After decades of development and testing the world's first malaria vaccine is beginning a wide roll out, commencing in Malawi before being introduced into Ghana and Kenya over the following weeks. This initial pilot program is aimed at children up to two years of age, with over one million expected to be immunized over the next three years.
Over 250,000 children die from malaria in Africa every year. The infection is inarguably a major global health problem, and for years scientists have been working on an effective vaccine. RTS,S/AS01, currently the most advanced malaria vaccine in development, was originally created back in the late 1980s. After extensive and rigorous clinical work the final tests and trialling were completed just a few years ago.
The vaccine has been shown to prevent nearly 40 percent of malaria cases. While this isn't an extraordinarily efficacious rate for a vaccine, the potential for reducing the sadly high mortality rates in some African areas makes even that mild efficacy profoundly lifesaving.

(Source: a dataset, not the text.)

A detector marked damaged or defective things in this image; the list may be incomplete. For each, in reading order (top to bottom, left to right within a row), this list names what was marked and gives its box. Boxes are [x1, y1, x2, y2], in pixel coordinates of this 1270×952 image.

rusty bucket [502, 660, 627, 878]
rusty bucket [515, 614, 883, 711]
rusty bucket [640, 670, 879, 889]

"Malaria is still one of the biggest killers of children worldwide, taking the lives of over 200,000 children every year," explains Seth Berkley, CEO of Gavi, an alliance formed to help deliver vaccines to lower-income countries. "These pilots will be crucial to determine the part this vaccine could play in reducing the burden this disease continues to place on the world's poorest countries."
This initial pilot program is estimated to run until around 2024, after which the results will be evaluated and broader implementation in other countries will be considered. GSK, the company behind the development of the vaccine, has donated up to 10 million doses for this pilot project.
The schedule for this particular vaccine is not especially ideal, as it needs to be administered once a month for three months between the ages of five and nine months, before a booster around the child's 2nd birthday. It is yet to be seen whether this kind of schedule can be effectively delivered to children in poor and remote communities.
However, RTS,S/AS01 is just the first wave of malaria vaccines on the horizon. GSK is working on newer more effective iterations of this specific vaccine, while other projects being developed are reporting incredible early stage success rates. One vaccine in particular, currently moving through human trials, is reporting incredible protection rates of 100 percent with no adverse side effects.